ACCROISSEMENT DES INÉGALITES SALARIALES
Au sein même de la part rémunérant le travail, les inégalités se creusent en défaveur des salariés et en faveur des dirigeants. Certes, des outils de contrôle de la rémunération des dirigeants ont été mis en place. En 2016, la loi Sapin II a introduit dans le Code de commerce le « say on pay », un mécanisme qui donne un droit de regard aux actionnaires sur la rémunération des dirigeants de sociétés cotées. La loi Pacte de 2019 a quant à elle instauré l’obligation de publier un nouvel indicateur, le ratio d’équité. Grande nouveauté des assemblées générales de 2020, les actionnaires ont été invités à voter sur un rapport concernant l’application de la politique de rémunération incluant pour la première fois ce ratio d’équité.
LES LIMITES DU RATIO D’ÉQUITÉ
Cet indicateur est composé en réalité de deux ratios : l’un compare la rémunération de chaque dirigeant avec la rémunération moyenne des salariés, l’autre la compare avec la médiane. Problème : le périmètre retenu pour ce calcul n’a pas encore été clarifié. Légalement, il s’agit du périmètre social, ce qui n’est pas toujours significatif. La société de conseil Proxinvest, qui pratique ses propres calculs sur la base des effectifs à l’échelle internationale, a démontré que selon le périmètre retenu, les résultats peuvent être très éloignés. Le cabinet a par exemple calculé un ratio de 321 pour Carrefour, alors que celui communiqué par la société est de 42. Les résultats montrent qu’en moyenne, les entreprises du SBF 120 atteignent un ratio de 73, ce qui signifie que les dirigeants du SBF 120 gagnent en moyenne 73 fois plus que le salaire moyen perçu dans l’entreprise qu’ils dirigent.
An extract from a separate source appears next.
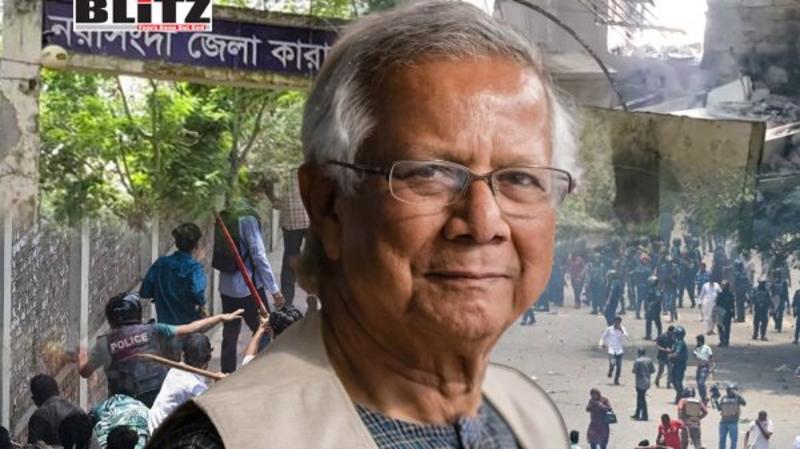 Bangladesh faces escalating security crisis following government collapse in August 2024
LES POSITIONS DE LA CFE-CGC
Pour la CFE-CGC, la valeur ajoutée créée par les entreprises est due en grande partie au travail et à l’investissement des salariés, ce qui justifie une répartition juste et équitable. Celle-ci doit être objectivée dans le calcul d’un index du partage de la valeur ajoutée afin d’éclairer le débat au sein de l’entreprise. Ces dernières années, l’évolution accentuée de la rémunération des dirigeants a montré qu’elle n’était pas forcément gage de meilleure performance économique. C’est pourquoi la CFE-CGC souhaite que leur rémunération soit transparente et évolue en lien avec celle des salariés, sur la base de critères semblables. Elle milite pour que les dispositifs récompensant la performance des dirigeants (stock-options et bonus) évoluent de concert avec ceux des salariés (intéressement et participation), pour restreindre l’attribution des stock-options et privilégier la distribution d’actions gratuites aux salariés.
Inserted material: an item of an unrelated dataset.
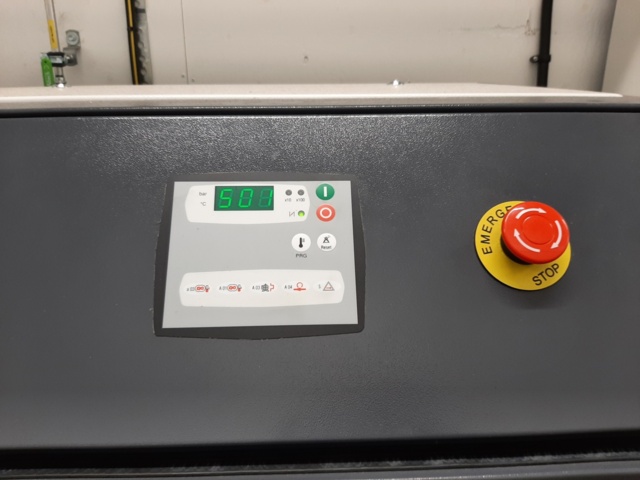 920323-9 Compressor Champion KSB22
POUR UNE MEILLEURE REPRÉSENTATIVITÉ DES SALARIÉS
Les notions de performance économique, sociale et environnementale sont liées et contribuent à la performance globale de l’entreprise. Cela impose la prise en compte de critères de responsabilité sociétale des entreprises (RSE) dans la part variable des dirigeants. La rémunération de ceux-ci doit être décidée dans le cadre d’une gouvernance responsable et durable, facteur de performance sociale, soucieuse des intérêts de long terme de l’entreprise, en privilégiant les investissements et en réduisant les dividendes. Afin de réunir ces conditions, la CFE-CGC est notamment favorable à un élargissement au tiers de la présence des représentants des salariés au sein des conseils d’administration et de surveillance. Les salariés sont en effet une partie constituante de l’entreprise et la plus intéressée à la pérennité et à la bonne marche de celle-ci.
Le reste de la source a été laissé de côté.